Seven Days in Solitary [7/21/13]

by | July 21, 2013

solitary_confinement_cell_auschwitz_13The following roundup features noteworthy news, reports and opinions on solitary confinement from the past week that have not been covered in other Solitary Watch posts.

•  According to the tally kept by The Miami Herald, 70 of the 166 men held captive at Guantanamo are hunger-striking, with 46 being force-fed and three hospitalized. Al Jazeera reports that the parole board established by President Obama has started the process of reviewing the continued detention of Guantanamo’s 48 “indefinite detainees.”

•  The Republic reports on the use of isolation at the Iowa Juvenile Home, stating that “Human rights lawyers are questioning the Iowa Juvenile Home’s practice of keeping teenage girls who are living in a state-run foster care facility in solitary rooms for months at a time.”

•  The New Yorker reports on the California prison hunger strike, noting that the focus of hunger strikers “is not about having additional resources inside solitary confinement—it’s about the near impossibility of ever getting out.” The story also states that “ninety-eight per cent of inmates in Pelican Bay’s SHUs are there because they have been ‘validated’ as prison-gang members, based on any number of criteria.” Solitary Watch continues its coverage on the hunger strike throughout the week here, here and here.

•  Al Jazeera‘s The Stream discusses the California prison hunger strike with an impressive lineup of guests, including Shane Bauer (investigative journalist who has experienced isolation firsthand), Terry Thornton (CDCR Deputy Press Secretary), Anthony Graves (death row exoneree and criminal justice reform advocate), Dr. Terry Kupers (psychiatrist and noted expert on the mental health effects of solitary confinement) and Dolores Canales (Co-founder of California Families to Abolish Solitary Confinement).

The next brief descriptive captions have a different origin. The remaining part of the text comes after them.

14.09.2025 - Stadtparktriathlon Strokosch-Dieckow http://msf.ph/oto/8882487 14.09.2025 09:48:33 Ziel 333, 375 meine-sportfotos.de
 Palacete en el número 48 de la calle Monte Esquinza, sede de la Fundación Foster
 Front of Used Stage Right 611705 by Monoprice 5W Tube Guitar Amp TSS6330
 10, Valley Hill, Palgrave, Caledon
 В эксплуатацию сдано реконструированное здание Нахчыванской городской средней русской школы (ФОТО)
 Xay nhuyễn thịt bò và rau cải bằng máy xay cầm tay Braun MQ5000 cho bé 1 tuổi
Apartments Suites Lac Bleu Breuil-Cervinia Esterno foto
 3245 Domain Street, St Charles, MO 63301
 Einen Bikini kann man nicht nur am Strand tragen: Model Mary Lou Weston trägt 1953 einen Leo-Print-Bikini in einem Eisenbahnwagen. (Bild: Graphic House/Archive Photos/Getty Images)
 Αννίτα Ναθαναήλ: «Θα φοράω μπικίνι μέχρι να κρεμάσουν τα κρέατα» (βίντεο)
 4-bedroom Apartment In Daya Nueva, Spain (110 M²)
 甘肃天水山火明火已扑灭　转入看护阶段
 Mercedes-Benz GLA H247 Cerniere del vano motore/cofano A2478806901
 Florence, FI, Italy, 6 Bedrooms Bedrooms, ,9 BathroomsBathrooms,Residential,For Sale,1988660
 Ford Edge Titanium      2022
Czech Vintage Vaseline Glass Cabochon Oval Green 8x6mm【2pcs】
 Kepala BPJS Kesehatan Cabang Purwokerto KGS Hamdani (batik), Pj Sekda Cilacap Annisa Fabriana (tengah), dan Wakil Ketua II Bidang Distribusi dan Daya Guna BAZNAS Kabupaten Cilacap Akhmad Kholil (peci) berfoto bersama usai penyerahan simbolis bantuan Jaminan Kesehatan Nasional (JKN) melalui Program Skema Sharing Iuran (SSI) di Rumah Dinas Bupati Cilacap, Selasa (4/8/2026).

•  NBC News reports on the California prison hunger strike, stating that the “hunger strike, the third in two years, is the latest problem for the troubled California prison system.” The story notes that “[a]dvocates for the prisoners say the accusations of gang affiliation are based on an extremely broad definition, that challenging them is almost impossible, and that the only way out is to snitch on other gang members.”

•  The Inter-American Commission on Human Rights (IACHR) issues a press release in which it expresses concern over both the overuse of solitary confinement in the U.S. and the conditions which prompted the mass prison hunger strike in California. IACHR emphasizes that isolation should be used only in “exceptional circumstances, for the shortest period possible and only as a measure of last resort.”

•  In a recent piece on the ACLU’s blog, Sarah Shourd, Contributing Editor at Solitary Watch, writes on the torturous conditions to which California prison hunger strikers are subjected, relating their experience to the 410 days she spent locked in solitary confinement in an Iranian prison. Calling for action to end the practice of solitary confinement in this country, Shourd also discusses her partnership with Solitary Watch to create and present a play titled Opening the Box. 

•  In a recent op-ed  in The New York Times, journalist Wilbert Rideau, who served 44 years in Louisiana’s Angola penitentiary, 12 of which he spent in solitary confinement, writes on the cruelty of segregation and why the California prison hunger strikers deserve our attention. “[E]very year men from California’s Pelican Bay and other supermax prisons around the nation are released directly from the vacuum of their cells into free society, to live and work among you and your loved ones.”

•  NJ.com reports on a petition filed by the ACLU and other advocacy groups calling for New Jersey to change its rules on confining youth in state and county detention facilities. The petition, which was filed with New Jersey’s Juvenile Justice Commission and Attorney General’s Office, calls on the state to “ban solitary confinement as a punishment and limit its use for safety reasons to 18 hours.”